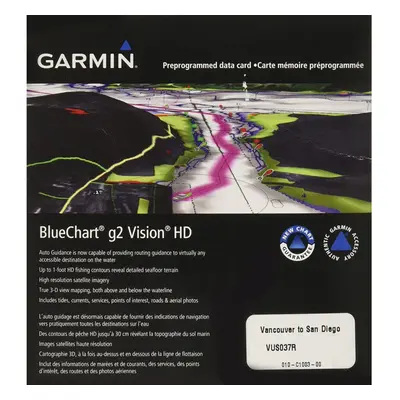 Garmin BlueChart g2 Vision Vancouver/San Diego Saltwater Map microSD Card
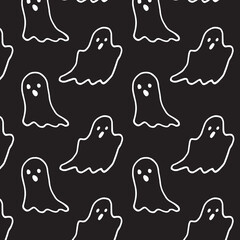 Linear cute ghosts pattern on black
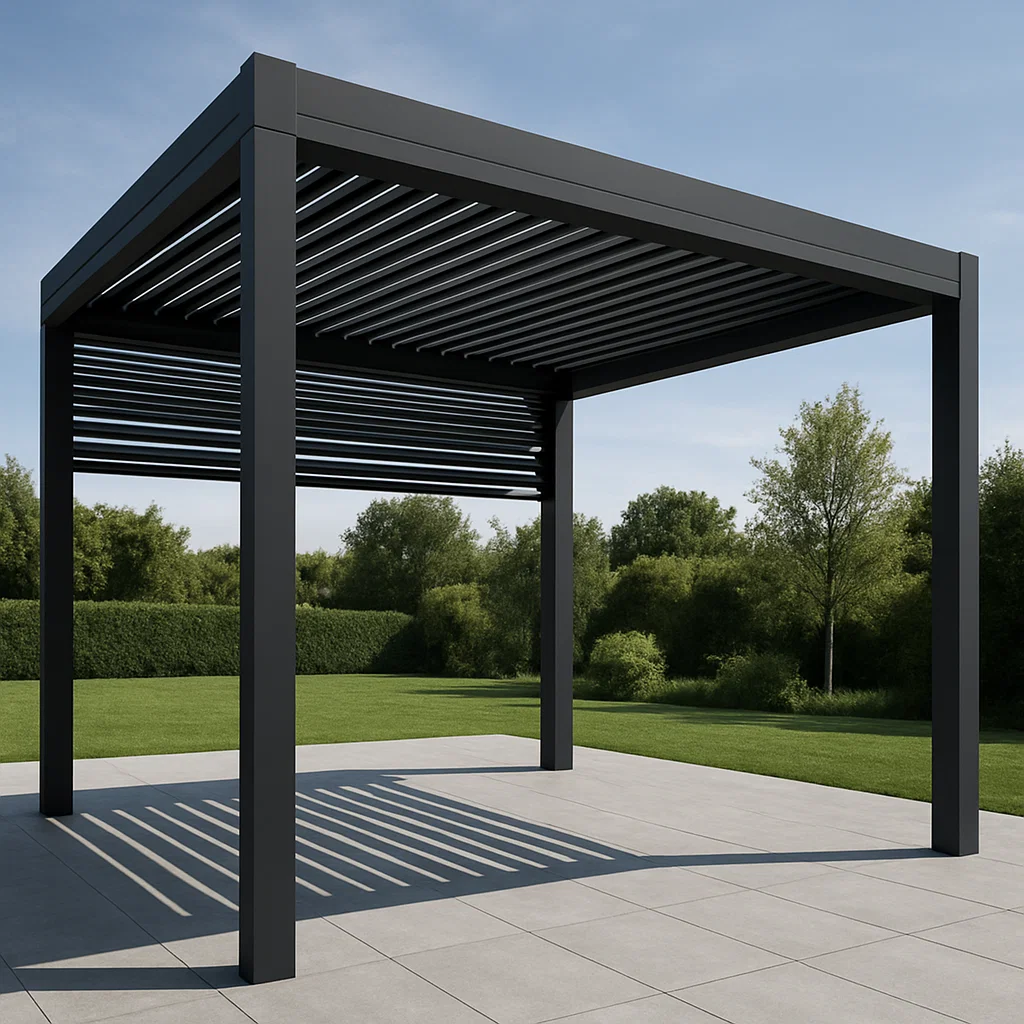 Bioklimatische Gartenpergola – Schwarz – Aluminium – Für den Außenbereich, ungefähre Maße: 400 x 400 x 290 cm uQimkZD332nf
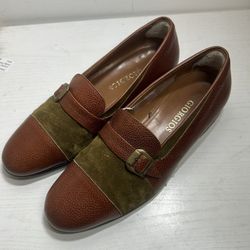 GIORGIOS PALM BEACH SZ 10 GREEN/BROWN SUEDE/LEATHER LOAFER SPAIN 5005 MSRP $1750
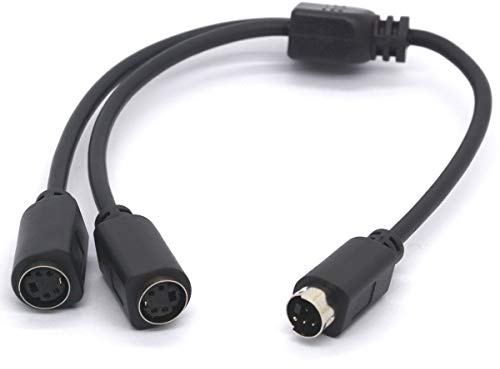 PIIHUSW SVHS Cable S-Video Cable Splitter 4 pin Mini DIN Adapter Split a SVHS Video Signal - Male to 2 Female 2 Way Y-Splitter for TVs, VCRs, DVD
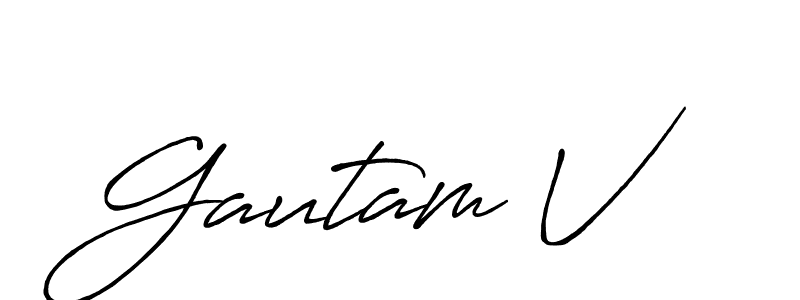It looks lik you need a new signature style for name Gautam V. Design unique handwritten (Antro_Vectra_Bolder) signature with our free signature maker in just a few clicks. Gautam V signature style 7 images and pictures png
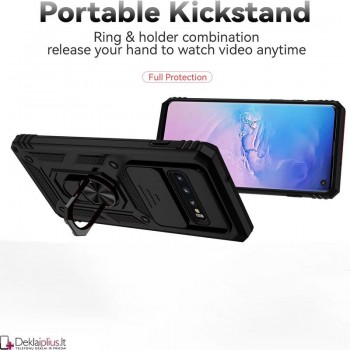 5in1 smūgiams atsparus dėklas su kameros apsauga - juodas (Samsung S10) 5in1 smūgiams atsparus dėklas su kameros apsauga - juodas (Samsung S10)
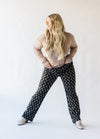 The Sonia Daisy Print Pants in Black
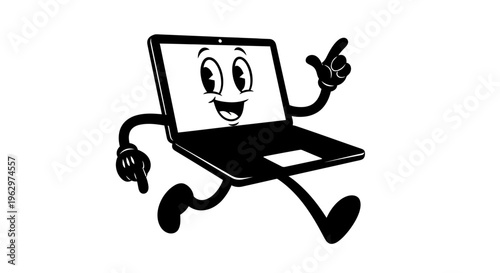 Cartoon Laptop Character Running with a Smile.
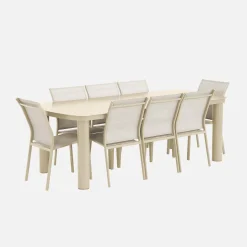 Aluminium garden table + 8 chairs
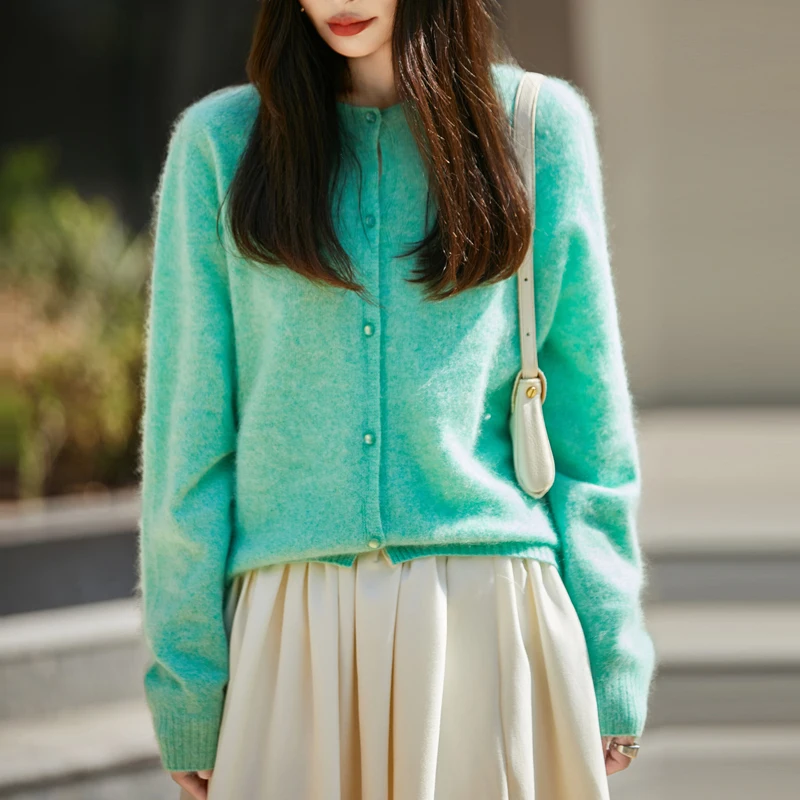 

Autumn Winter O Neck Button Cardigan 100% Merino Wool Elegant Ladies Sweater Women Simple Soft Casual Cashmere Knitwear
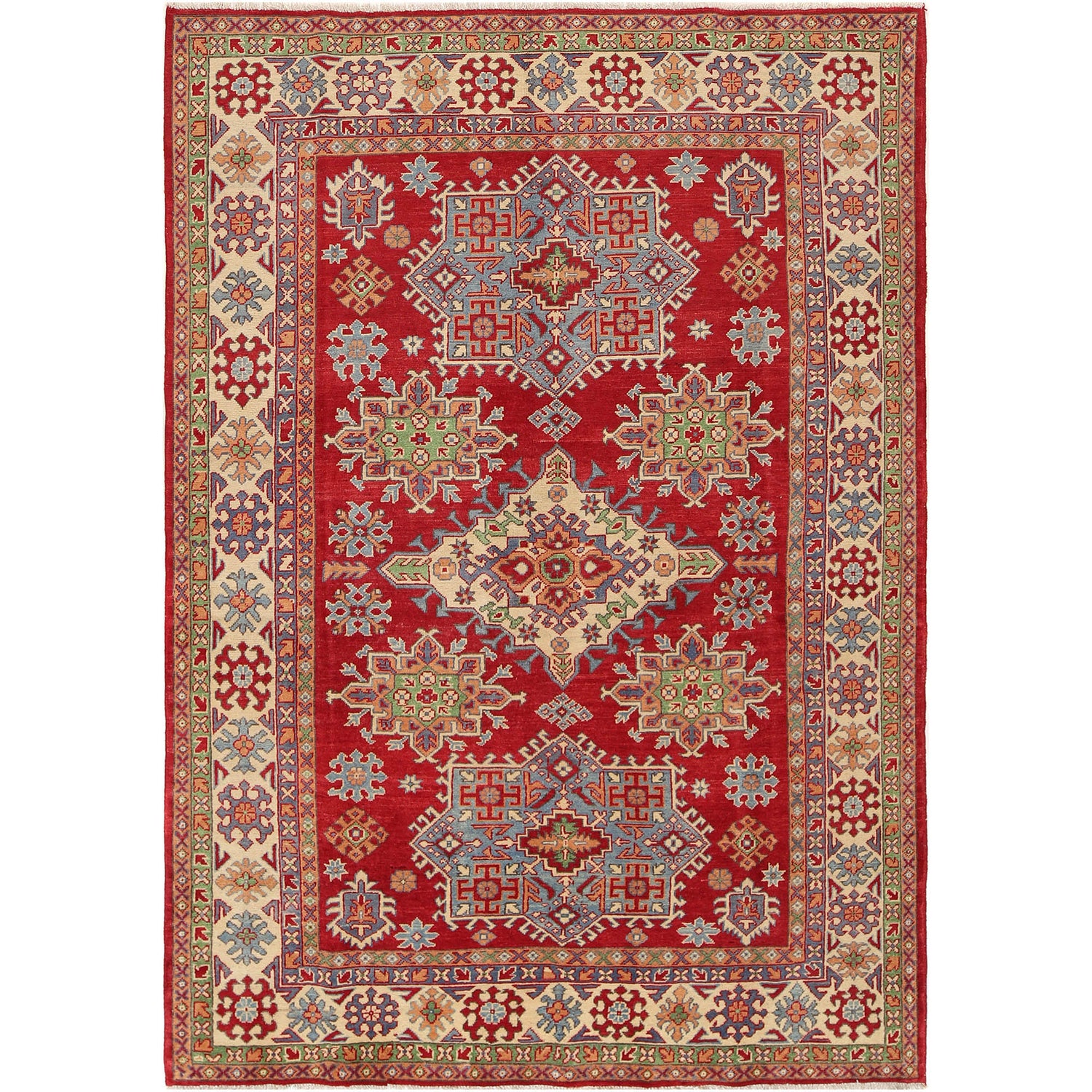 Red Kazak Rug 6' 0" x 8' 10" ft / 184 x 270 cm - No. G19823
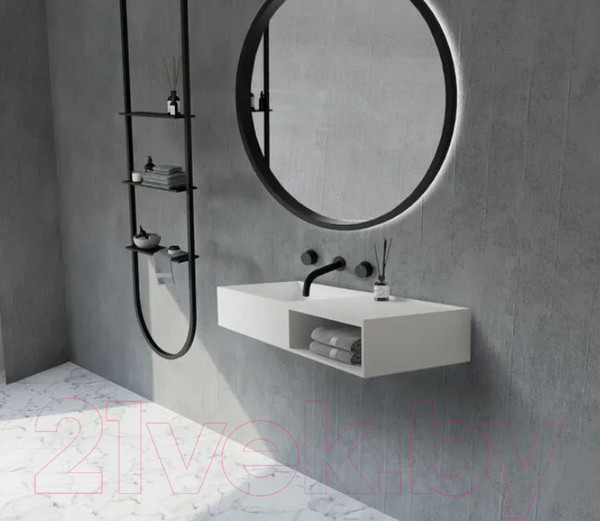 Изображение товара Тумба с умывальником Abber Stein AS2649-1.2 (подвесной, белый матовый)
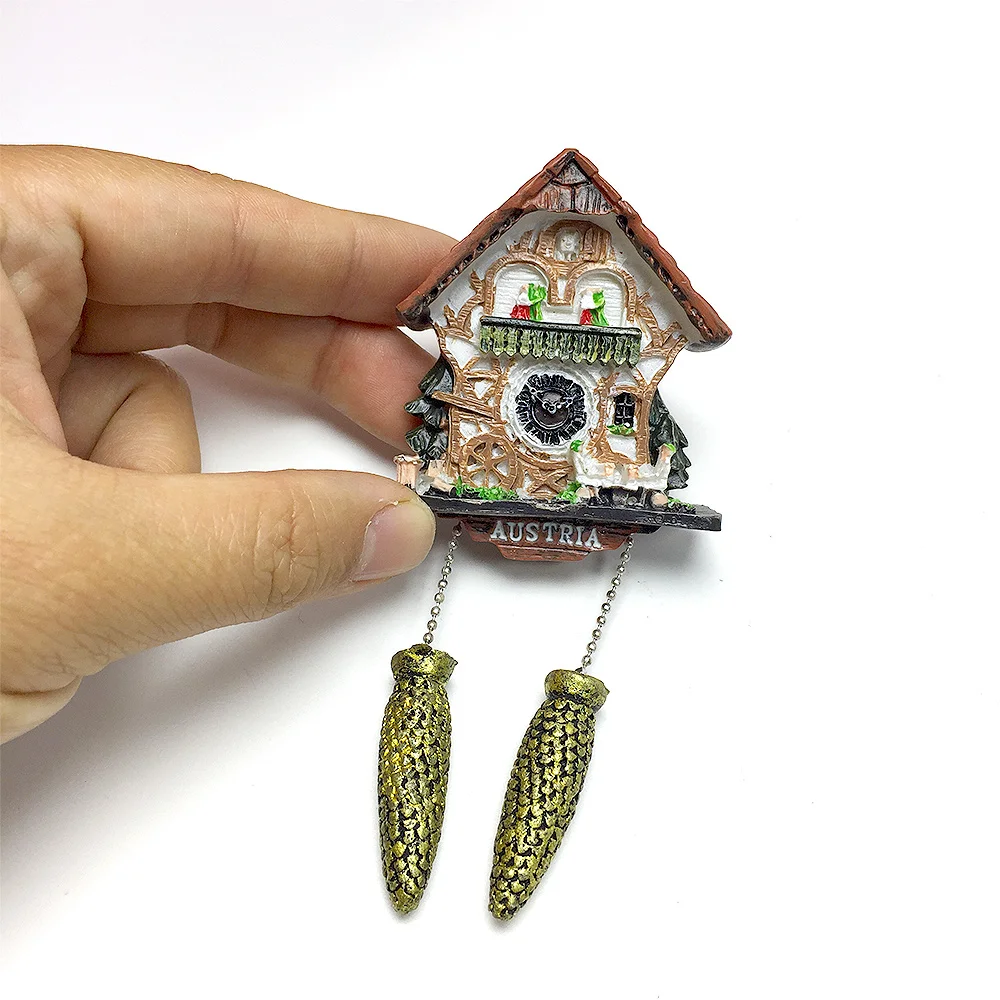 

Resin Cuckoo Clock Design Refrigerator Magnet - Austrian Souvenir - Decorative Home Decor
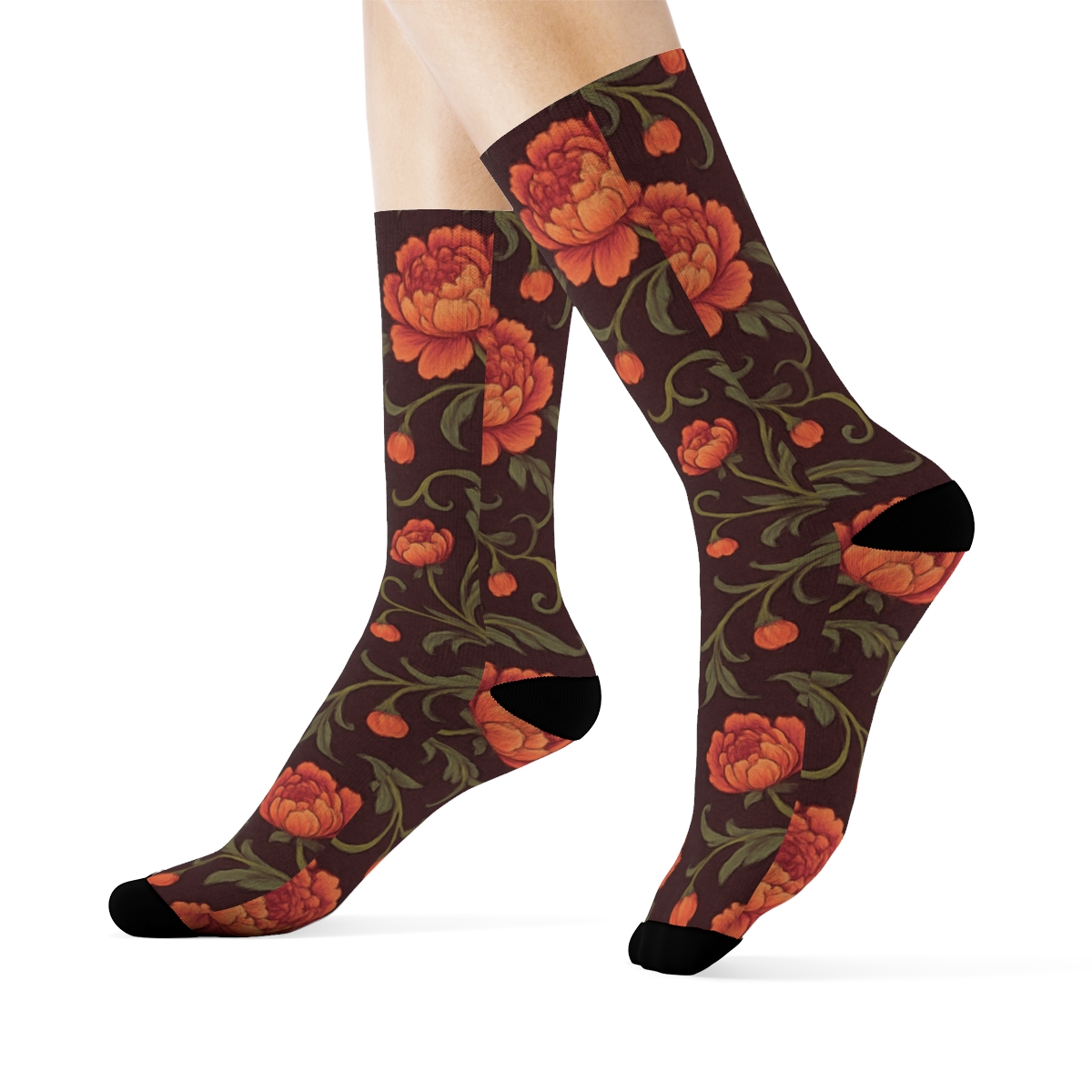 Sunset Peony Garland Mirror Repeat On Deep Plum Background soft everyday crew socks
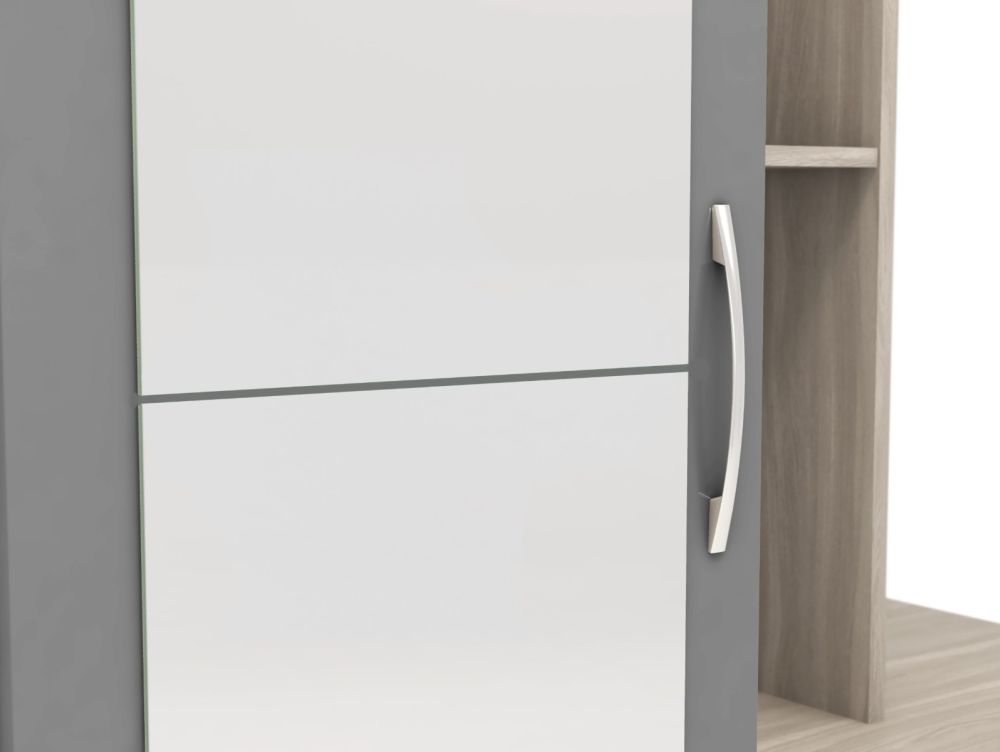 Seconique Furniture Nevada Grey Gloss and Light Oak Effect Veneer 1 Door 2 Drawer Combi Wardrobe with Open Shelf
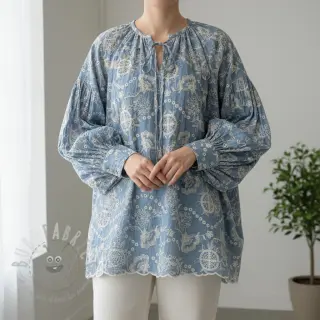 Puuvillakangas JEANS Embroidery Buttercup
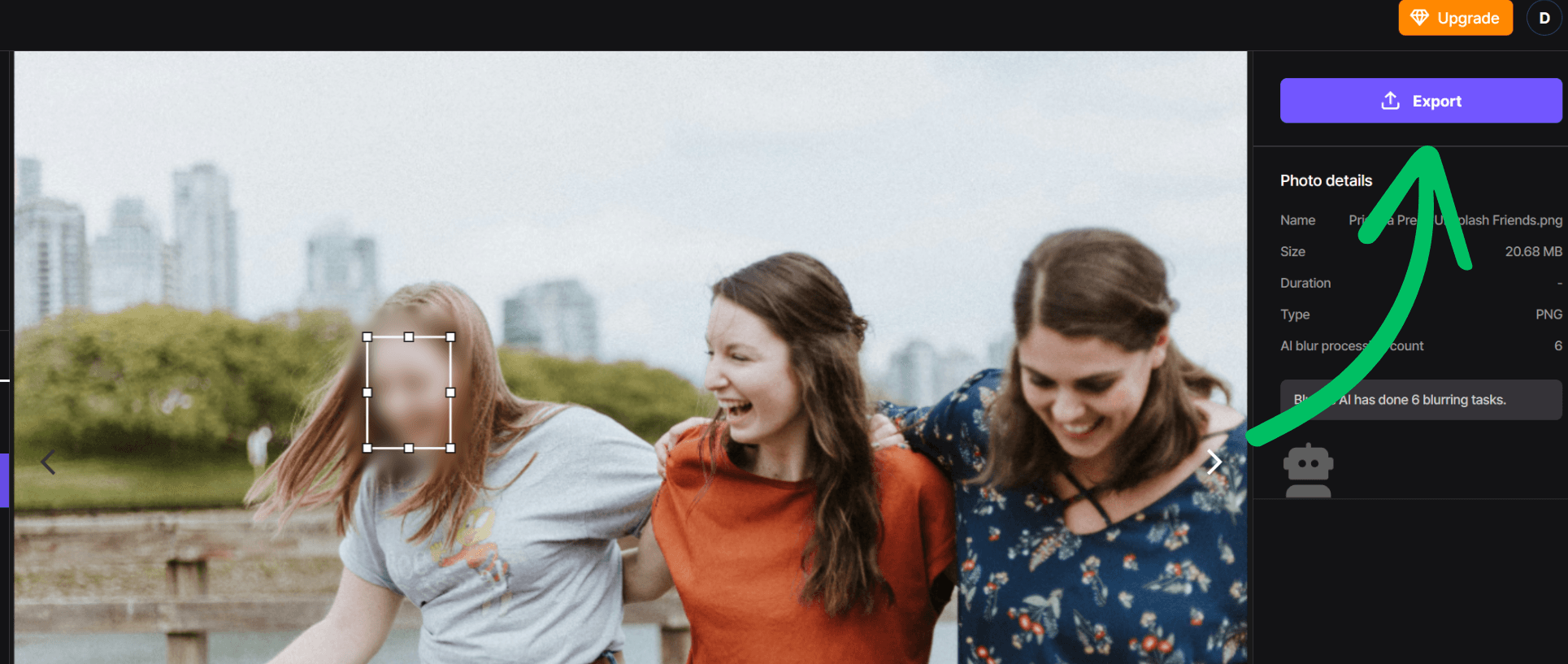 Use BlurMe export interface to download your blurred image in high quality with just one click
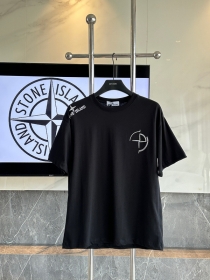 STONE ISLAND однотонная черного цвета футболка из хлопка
* * * * *
Exercise objective: What's needed is an exact copy of the lines above from the one with "The Sonia Daisy Print Pants in Black" through the one with "Seconique Furniture Nevada", both included; the pictures stay out.

Expected output:
 The Sonia Daisy Print Pants in Black
 Cartoon Laptop Character Running with a Smile.
 Aluminium garden table + 8 chairs

Autumn Winter O Neck Button Cardigan 100% Merino Wool Elegant Ladies Sweater Women Simple Soft Casual Cashmere Knitwear
 Red Kazak Rug 6' 0" x 8' 10" ft / 184 x 270 cm - No. G19823
 Изображение товара Тумба с умывальником Abber Stein AS2649-1.2 (подвесной, белый матовый)

Resin Cuckoo Clock Design Refrigerator Magnet - Austrian Souvenir - Decorative Home Decor
 Sunset Peony Garland Mirror Repeat On Deep Plum Background soft everyday crew socks
 Seconique Furniture Nevada Grey Gloss and Light Oak Effect Veneer 1 Door 2 Drawer Combi Wardrobe with Open Shelf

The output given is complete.